- Data to process
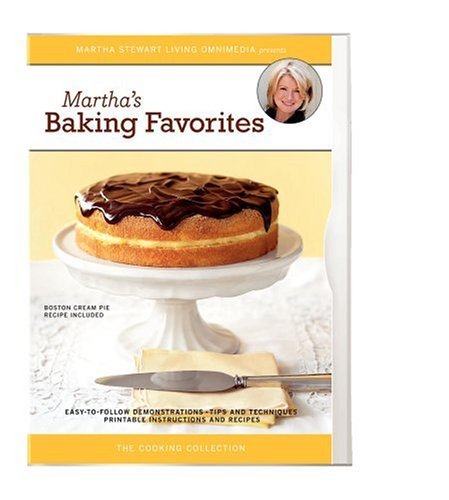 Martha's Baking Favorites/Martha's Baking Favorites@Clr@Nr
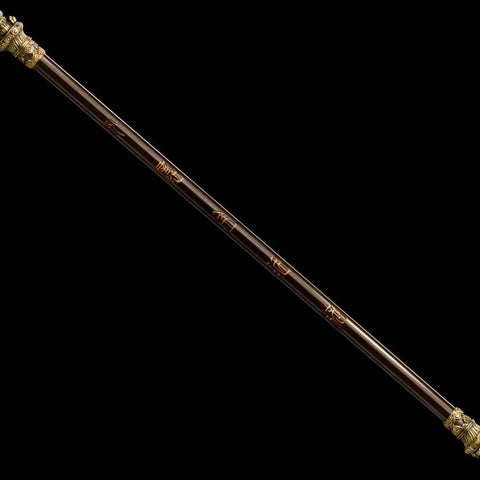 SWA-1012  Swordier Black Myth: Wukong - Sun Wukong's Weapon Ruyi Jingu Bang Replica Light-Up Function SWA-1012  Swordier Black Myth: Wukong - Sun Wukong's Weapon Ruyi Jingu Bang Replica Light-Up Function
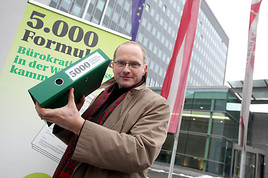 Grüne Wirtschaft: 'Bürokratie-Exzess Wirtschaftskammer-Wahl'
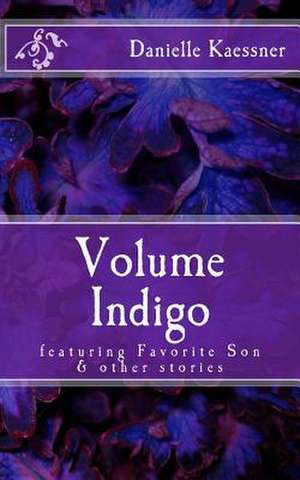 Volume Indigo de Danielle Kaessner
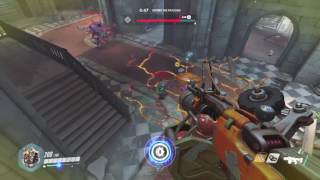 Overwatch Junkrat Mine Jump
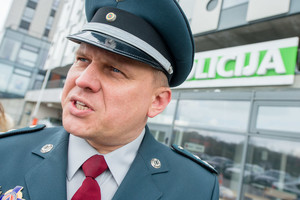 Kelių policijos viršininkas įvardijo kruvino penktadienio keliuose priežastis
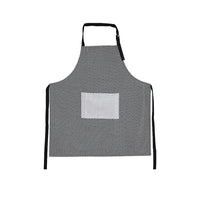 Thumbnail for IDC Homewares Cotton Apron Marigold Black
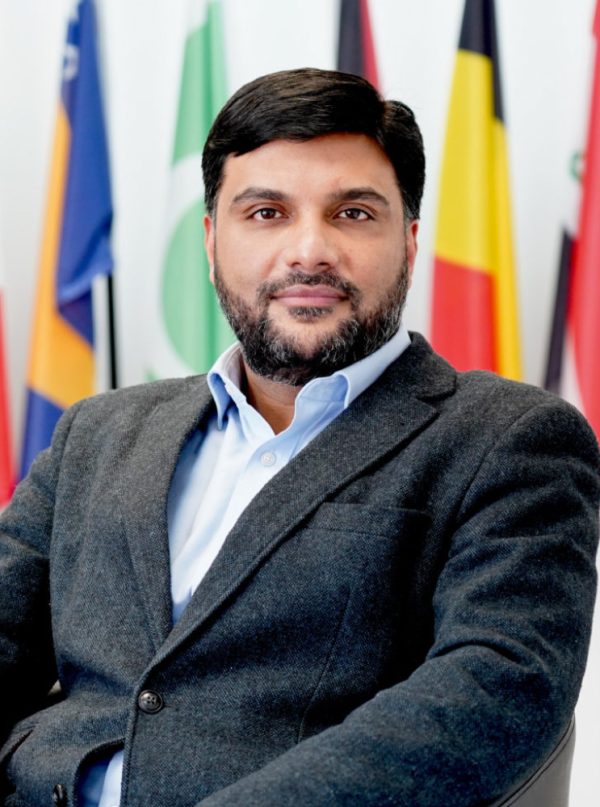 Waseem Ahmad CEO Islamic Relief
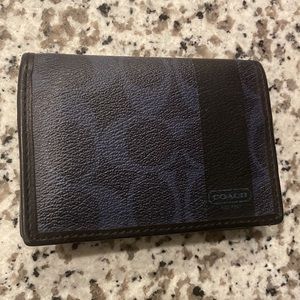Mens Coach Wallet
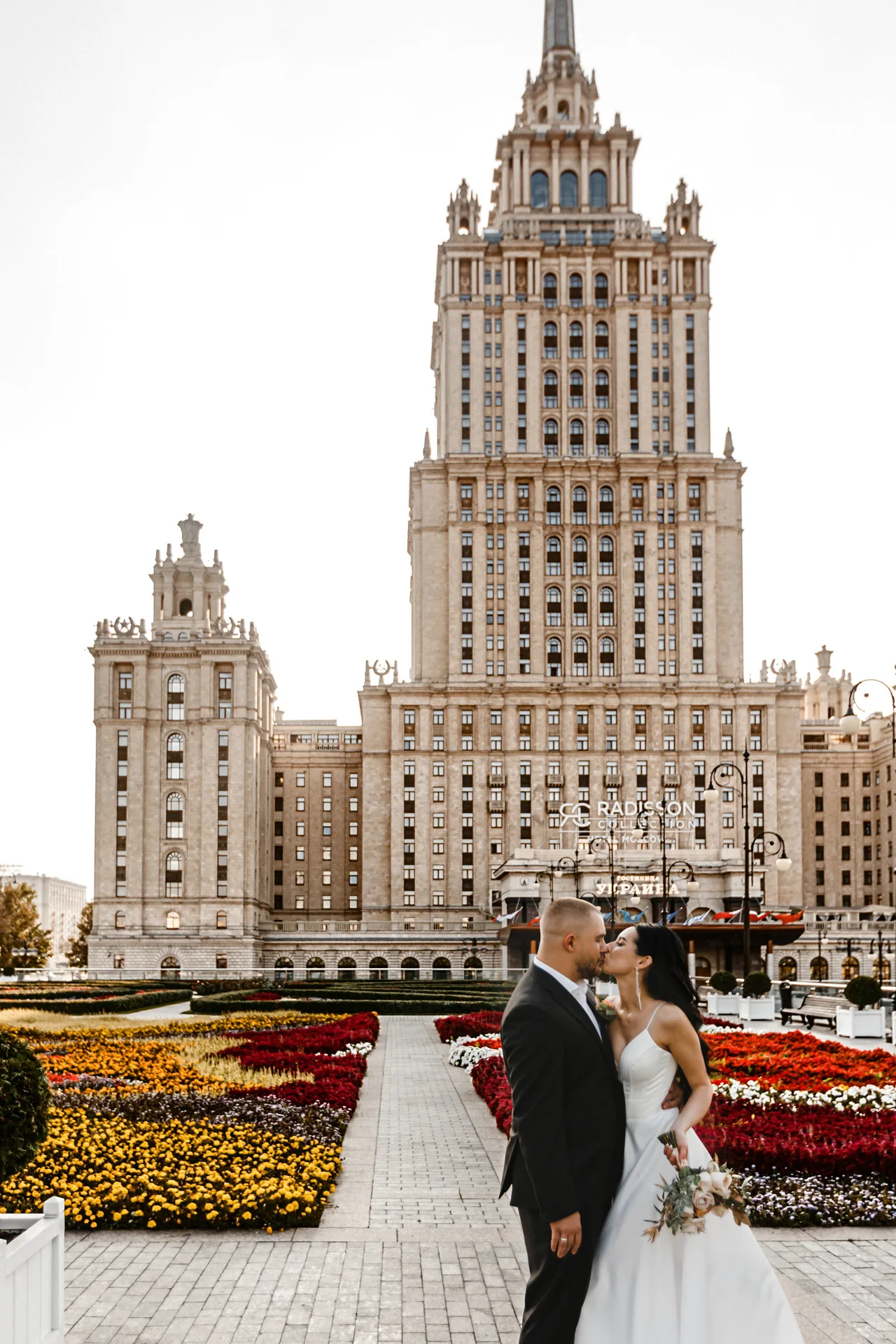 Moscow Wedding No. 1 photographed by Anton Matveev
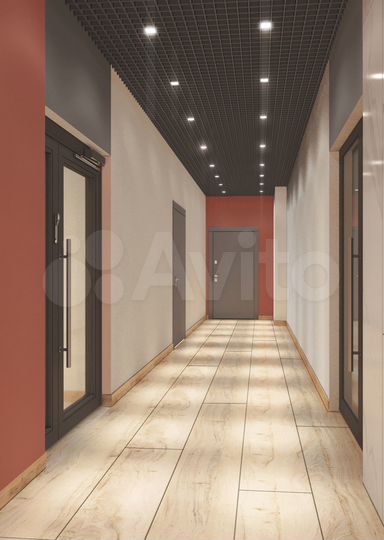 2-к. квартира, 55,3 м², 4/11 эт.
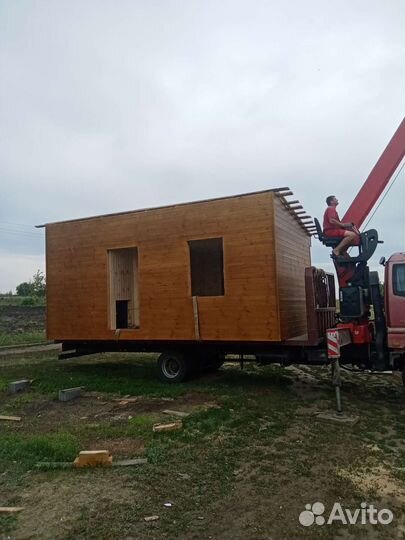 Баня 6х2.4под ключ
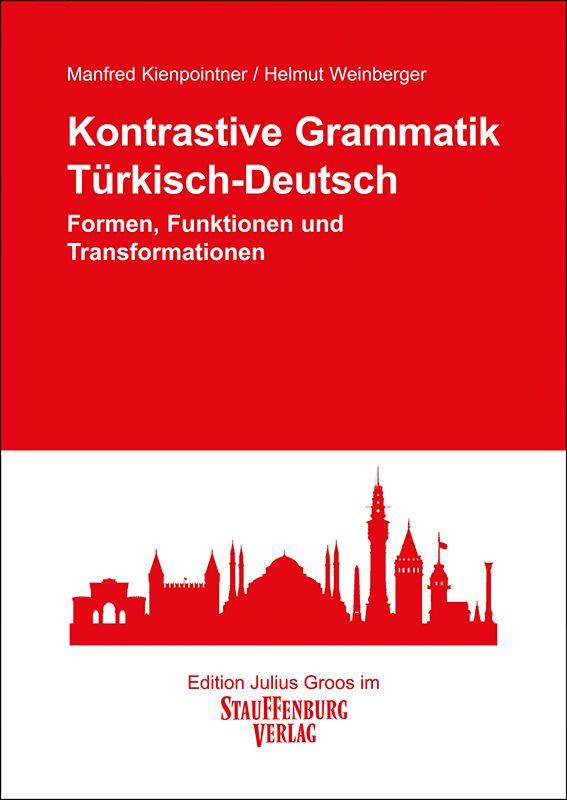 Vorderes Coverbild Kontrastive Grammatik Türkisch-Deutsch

- Requirement
What you give back should be exactly the lines from the top of the data above down to and including the line with "Light-Up Function SWA-1012", minus any pictures.

- Answer section
 Martha's Baking Favorites/Martha's Baking Favorites@Clr@Nr
 SWA-1012  Swordier Black Myth: Wukong - Sun Wukong's Weapon Ruyi Jingu Bang Replica Light-Up Function SWA-1012  Swordier Black Myth: Wukong - Sun Wukong's Weapon Ruyi Jingu Bang Replica Light-Up Function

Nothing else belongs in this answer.